Since laundry facilities could stock more machines with the same amount of space they would have to turn away less business during peak periods (often I will go to a laundrymat only to leave for another since it is to busy for the number of loads that I have to wash).
Although, these machines would be more expensive than current commercial machines, they should be cheaper than buying a commercial washer and dryer given the efficiencies of scale inherent in building a single unit.
They do make combination washer/dryer units, like these. One of the problems with them is that they must necessarily be more mechanically complex than separate single-purpose units, and therefore more expensive. Another problem is that if one function dies, you have to do without bothn while it’s out being repaired.
The problem that I’ve experienced with washer dryers (I’ve had two) is that they’re less reliable. More working parts means more to go wrong – it seems to be the dryer part that conks out first, usually. Of course, I’m talking about domestic appliances – commercial units may be more robust. However, I’m sure they would suffer from the same problems. What a laundromat needs above all is reliability. A broken washer or dryer isn’t earning money, and costs money to repair.
I have a friend who got one a few years ago. He bought a condo in an unmodifable historic building, so he couldn’t put in a dryer vent. It was also a small cramped place, so he figured that as long as he was paying for a fancy ventless electric dryer, he might as well get a combo washer one. He ordered one from Japan where they are fairly common(at least that’s what he said). However he payed a huge amount for it, and is his words ‘It’s a freaking piece of crap. It doesn’t get anything clean or even dry.’
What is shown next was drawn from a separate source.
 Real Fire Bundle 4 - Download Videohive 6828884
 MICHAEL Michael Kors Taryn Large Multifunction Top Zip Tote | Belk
I just did a search for single unit washer dryer, and this thread was the only one which appeared. To be honest this site usually runs so slowly for me that I generally don’t attempt to do anything besides read posts (and post) on the first page or two of general discussion (In fact, I was composing my posts and saving them as a Word file before attempting to Post since I was losing so many posts into the vaper. Then my wife found these files and threw a tizzy). Maybe it is my 56,600 baud, AOL dial up (which usually actually connects at around 24000 Kps on a good day). However, I don’t have this problem with most other websites that I visit. Indeed sites like The Drudge Report will usually load on a “three count”. I sometimes do this as a “test” to see if it is my connection or the web site which is running slow.
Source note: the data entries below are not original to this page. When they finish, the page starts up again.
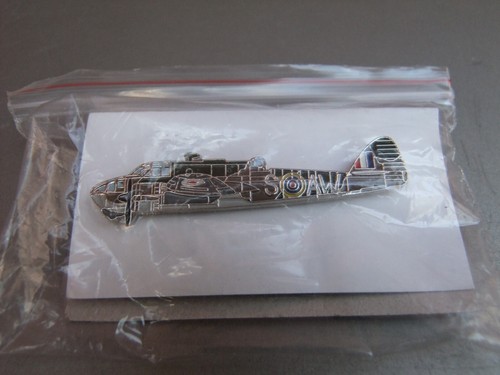 Enamel aircraft pin badge - enamel,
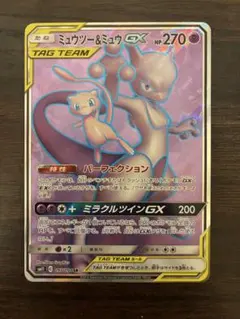 2026年最新】sr ミュウツーgxの人気アイテム - メルカリ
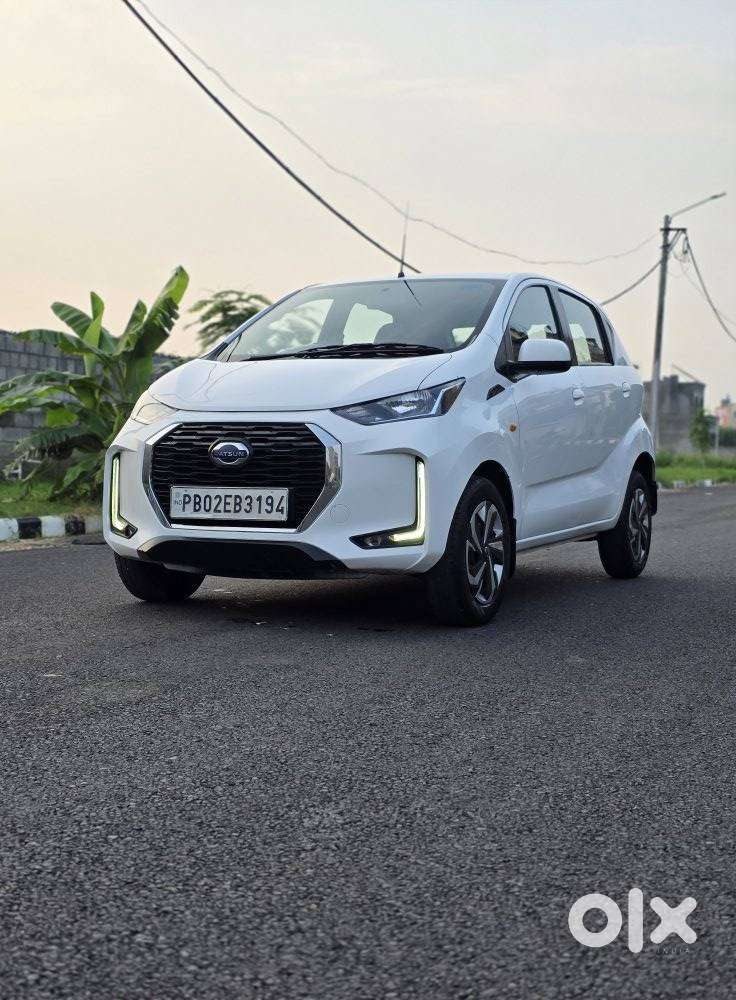 Datsun Redi Go Limited Edition 2018, 2020, Petrol
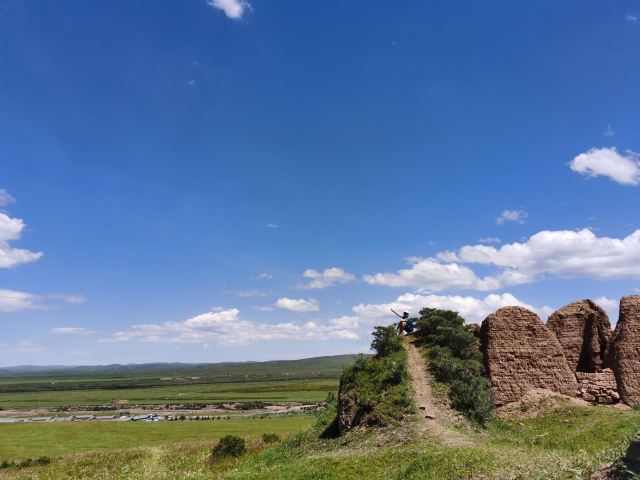 山丹皇家马场景区(暂停开放)旅行图片 9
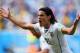 NATAL, BRAZIL - JUNE 24: Edinson Cavani of Uruguay reacts during the 2014 FIFA World Cup Brazil Group D match between Italy and Uruguay at Estadio das Dunas on June 24, 2014 in Natal, Brazil. (Photo by Matthias Hangst/Getty Images)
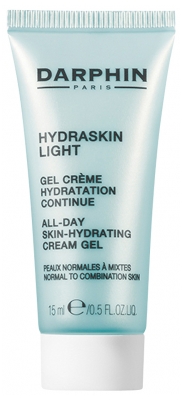 Darphin Hydraskin Light Gel Creme Kontinuierliche Feuchtigkeitsversorgung 15 ml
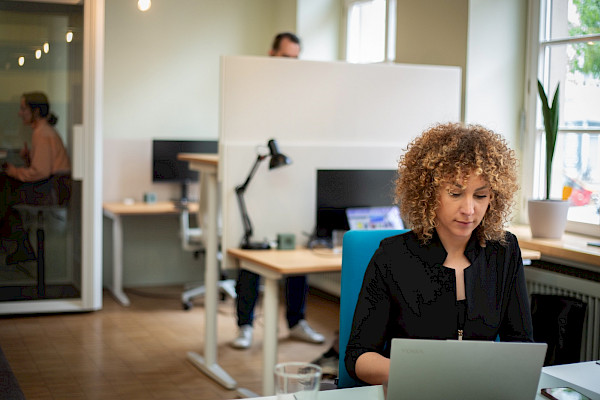 Coworking at Grünhof Coworking Space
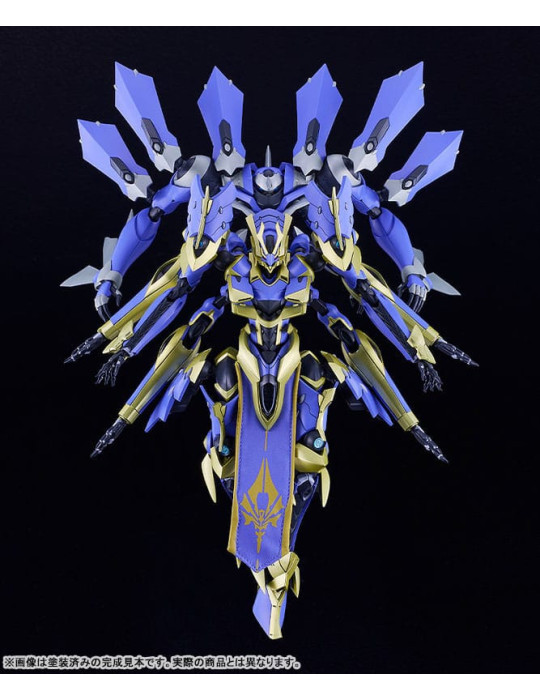 Good Smile Company - Knight´s & Magic - figure Moderoid DX-Scale Magatsu-Ikaruga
I only searched on “washer dryer” in GQ (without the quotes). Helpful hint: Just like with google, if you don’t find what you’re looking for the first time, it’s probably your choice of words, rather than the limited selection of available data. However, in this case I can see where it would be an honest mistake, but in the future try to remember that everyone may not use the same phrasing as you.
Really? You seem to visit (or at least start new threads) very early in the morning when the site is at its fastest.
Also think about it in terms of equipment usage for the laundromat owner. If you replace one washer and one dryer with one washer/dryer, then they are both tied up by one customer for the time it takes to do washing and drying. If you have a separate washer and dryer, then one customer uses the washing machine while the previous customer is using the dryer. Better throughput that way.
And the idea of not disabling a washer when the dryer is broken (or vice versa), as QED brings up, is also an important issue for the owner.
When comparing capacities, it’s worth paying attention to the run times they take also. On the one hand, the dryers seem to go for much shorter times than the washing machines, and therefore you can have fewer of them. On the other hand, my experience is that you usually have to use a couple of cycles of the dryer’s cycle to adequately dry clothes, so perhaps they need more. Regardless, if the ratio of washers to dryers is wrong in that specific laundromat, that’s simply a poor business decision by the owner (who could get more revenue if he or she optimized it so that all machines were in use together).
As far as dryers outnumbering washers at the laundormat it’s been my experience that the dryers hold more clothes than the typical laundromat washer. Can’t you fit like two loads of washed laundry into one dryer?